Piccoli spoiler di The Marvels di seguito

Un film con un’agenda fittissima

Ora, dei tanti problemi che ha The Marvels (ritmo, tono e villain per dirne tre) ce n’è uno che emerge in maniera meno evidente, ma il suo impatto è tra i più forti. Partiamo dalla locandina. Lì dentro ci sono i protagonisti: Carol, Kamala, Monica e Fury. Ognuno è espressione di un franchise, o di una propria linea di trama dell’MCU e al contempo di un genere diverso. L’idea alla base di questo crossover è di fare da sequel di almeno due storie e collegare quattro trame diverse.

Ms. Marvel viene dalla sua serie omonima, teen e scanzonata, perfetta per il posizionamento su Disney Plus. Anche Monica Rambeau viene da lì, nello specifico da WandaVision. Nick Fury viene… beh da tutto l’MCU e da una Secret Invasion il cui arco narrativo sembra essere spazzato via dall’esaltazione che il cosmo dà al personaggio, ringiovanendolo nel carattere.
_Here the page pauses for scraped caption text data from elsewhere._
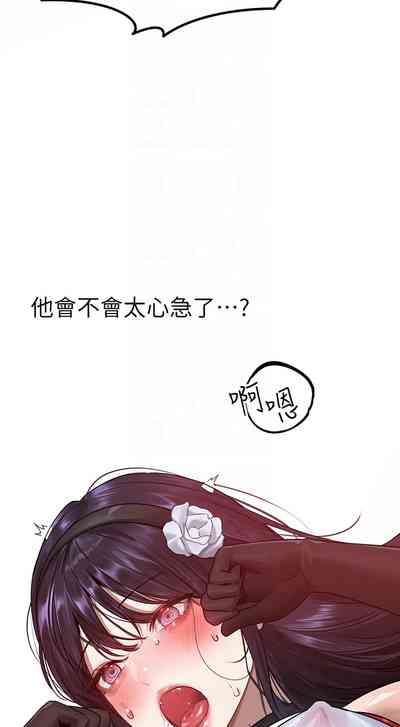 第81页图
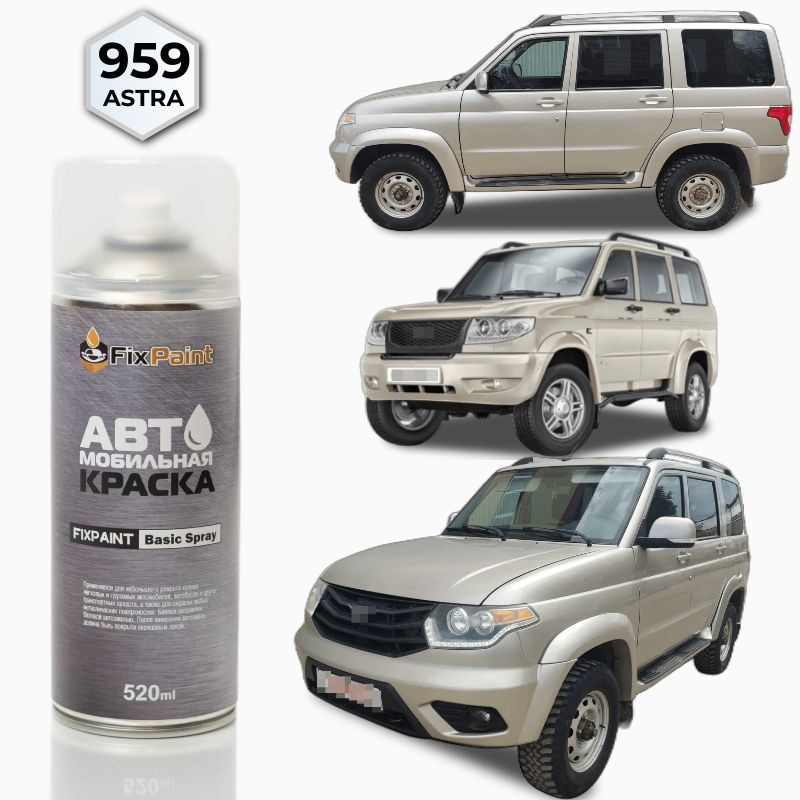 Краска UAZ PATRIOT, код 959, ASTRA, автомобильная эмаль FixPaint Spray в аэрозольном баллончике 520 мл #1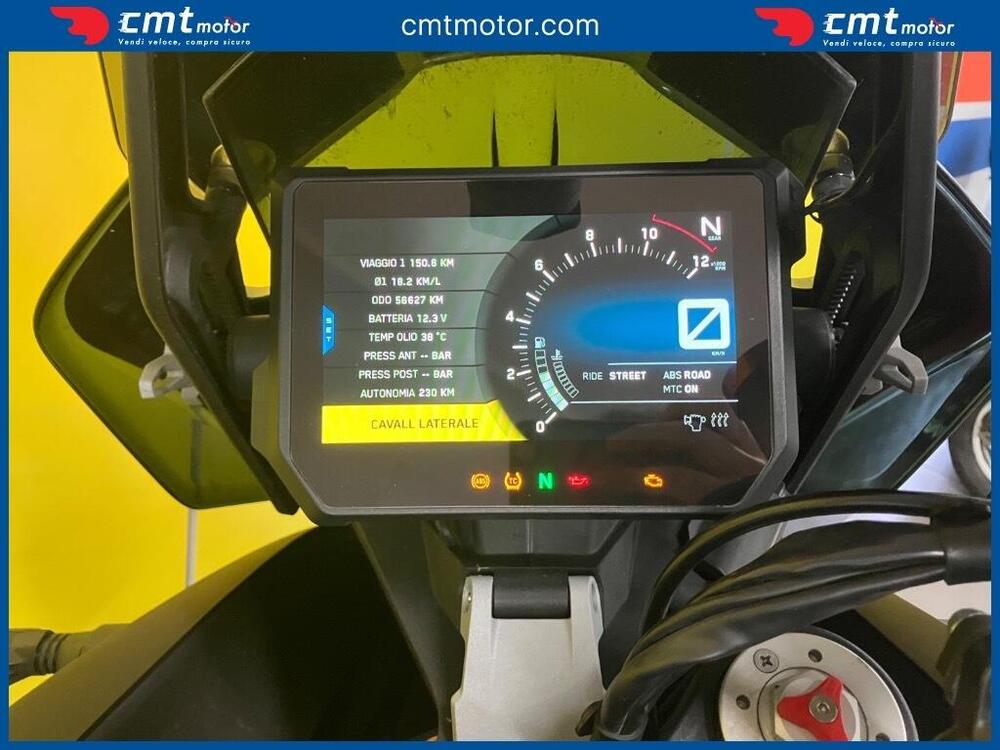 KTM 1290 Super Adventure R (2017 - 20) (5)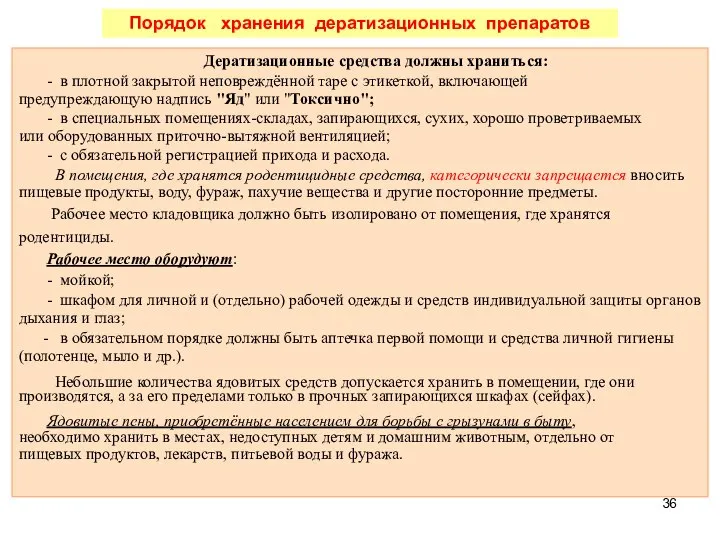 Дератизационные средства должны храниться: - в плотной закрытой неповреждённой таре с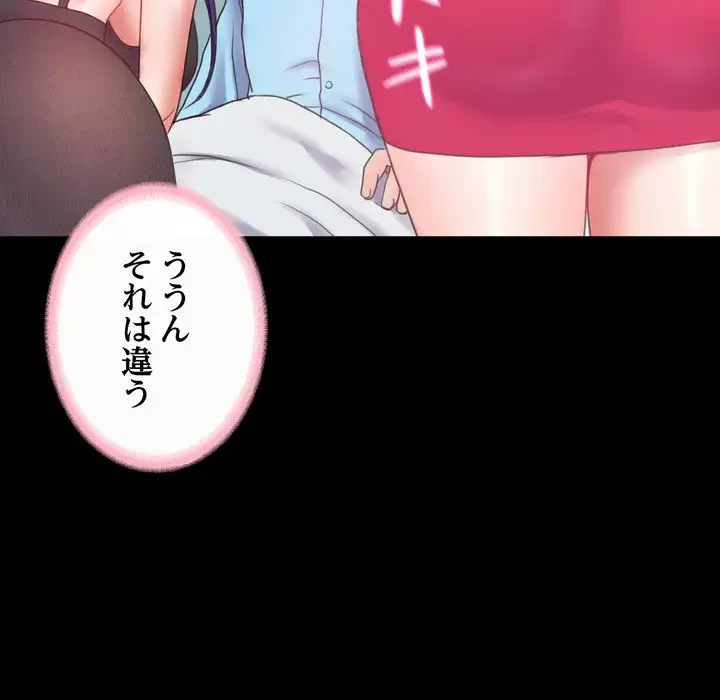 人生二週目～ブサ男の俺がイケメンに!?～ 第6話 - 72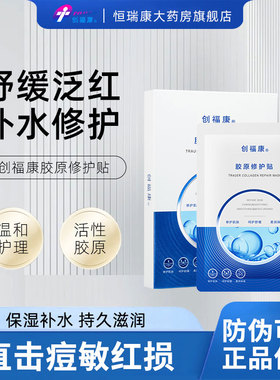 创福康胶原蛋白修护面膜补水保湿舒缓肌肤敏感修护屏障2qb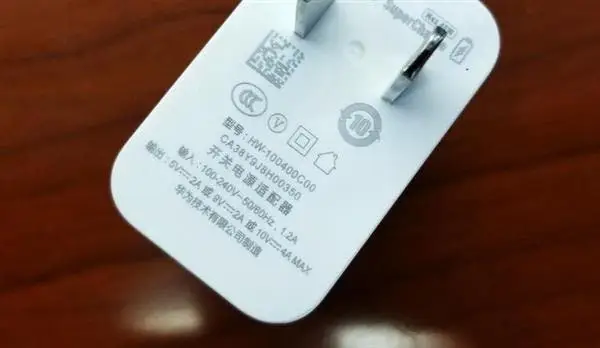 honor magic 2 1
Captain Marvel, non c’è bisogno di specificarlo, viene dal suo film e dal potente arrivo nel mezzo della battaglia di Endgame

the marvels

Quattro franchise non dovrebbero essere un problema per la Marvel, abituata a gestire nodi narrativi vasti come quelli degli Avengers. Invece in questo caso non è così. Perché per la prima volta nell’MCU accade proprio ciò che spesso ha sbagliato chi ha fallito nell’imitare la formula della Casa delle Idee. The Marvels spende tantissimo tempo e tantissime energie nel raccontare dove eravamo rimasti, chi siano questi personaggi e quale sia lo scopo di quei bracciali misteriosi. A differenza dei precedenti crossover però la storia non riesce a giovarsi di ciò che è venuto prima, anzi, ne sembra rallentata.

Persino i “Marvel Zombi” più duri, ovvero i lettori e gli spettatori più appassionati che conoscono tutto e di più della Lore della casa editrice, si troveranno un attimo spaesati durante il film. Ci sono almeno 20 ore di prodotti audiovisivi da ripassare. Un tempo fare questo lavoro serviva ad amplificare le emozioni del film. In The Marvels serve per capire dove parte l’arco narrativo dei suoi personaggi e dove arriva.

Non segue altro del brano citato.